In una parola Paura deriva dal latino pavor (timore), da cui anche pavido, pavidità. Declinazioni associate a giudizi morali negativi. Ma la paura è anche un meccanismo indispensabile, agli uomini e agli altri […]

Pubblicato circa 9 anni faEdizione del 1 settembre 2015

Paura deriva dal latino pavor (timore), da cui anche pavido, pavidità. Declinazioni associate a giudizi morali negativi. Ma la paura è anche un meccanismo indispensabile, agli uomini e agli altri animali. È l’allarme che scatta di fronte al pericolo, e che molto spesso ci serve a evitarlo. Fuggendo. Oppure dandoci il tempo, per poco che sia, di riflettere. Analizzare, comprendere, e agire di conseguenza. Altrimenti la paura rischia di annichilirci.

I profughi, i migranti, sono mossi dalla paura della guerra, della violenza, della fame. È una reazione razionale, giusta. Paragonerei la paura assennata delle moltitudini che scappano dai fanatismi e dalle dittature al coraggio senza senno delle non molte centinaia di giovani occidentali che vanno ad arruolarsi nelle file dell’Is.

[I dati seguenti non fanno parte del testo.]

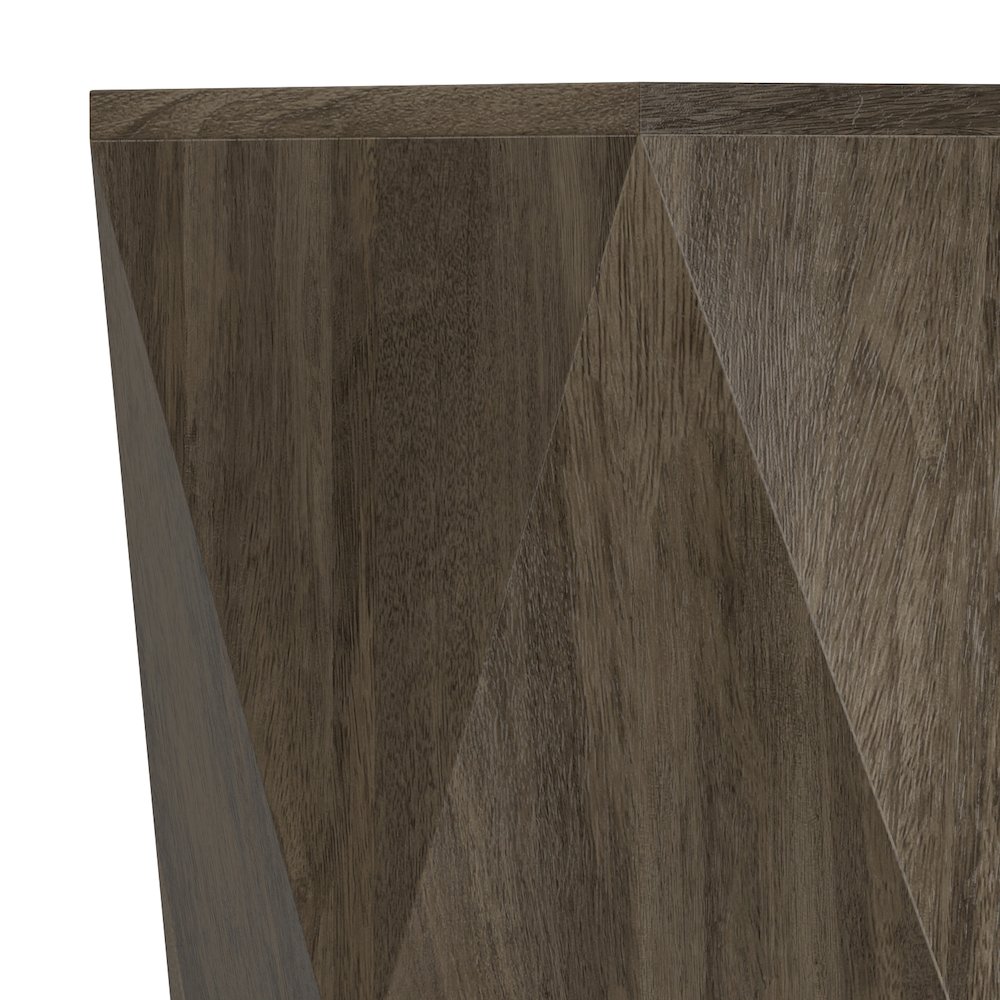 Mckinley 16 inch Wide Solid Mango Contemporary End Table in Ash Grey, Assembled. Picture 6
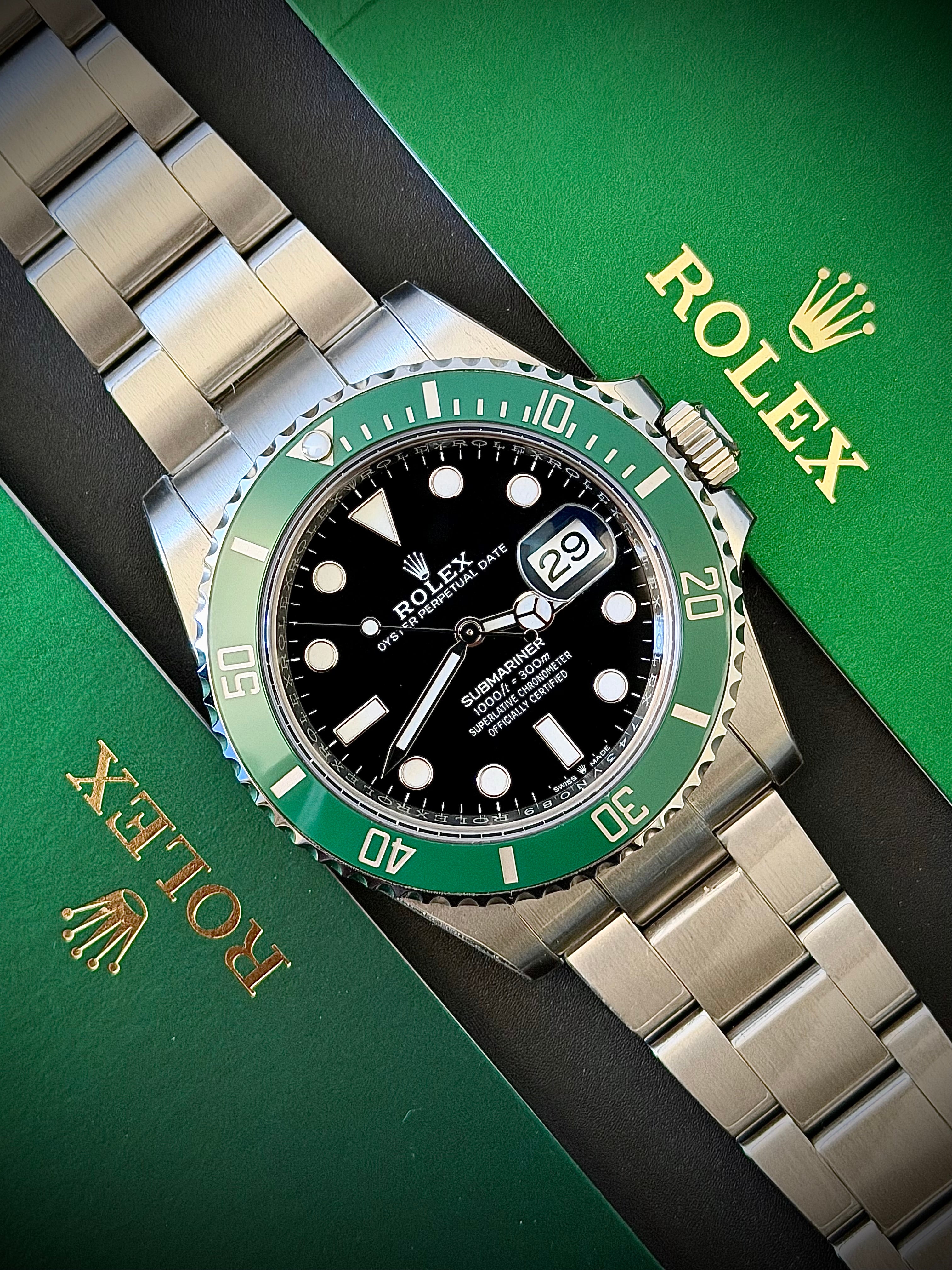 2022 ROLEX SUBMARINER DATE, STARBUCKS, MINT FULLY STICKERED, 126610LV, STARBUCKS, FULL SET, INC GST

Un piccolo esperimento mentale che può aiutare a combattere la paura suscitata, all’opposto, dall’arrivo di fuggiaschi nelle nostre benestanti terre? Si amplifica al massimo l’ipotesi che tra loro si mescoli il terrorista, il fanatico islamista, il delinquente, e si rimuove l’evidenza che si tratta di persone che del tutto ragionevolmente rifiutano condizioni di vita insostenibili.

Certo la dimensione del fenomeno, prevedibile e in parte prevista, mette definitivamente l’Europa, ma anche altri paesi del mondo, alla prova della propria civiltà.

Ieri sul Corriere della sera Galli della Loggia metteva la «migrazione di masse umane» al primo posto di quattro «minacce globali» che rischiano di provocare paralisi, e molto peggio. Le altre sono la «tempesta demografica perfetta» (nei paesi “avanzati” si fanno pochi figli: la media è di circa uno e mezzo, come in Germania), i rischi climatici e ambientali (aggravati, specialmente in Italia, dalla speculazione e dal dissesto idrogeologico), il progresso tecnologico nel modo di lavorare (produrrà sicuramente nuova disoccupazione).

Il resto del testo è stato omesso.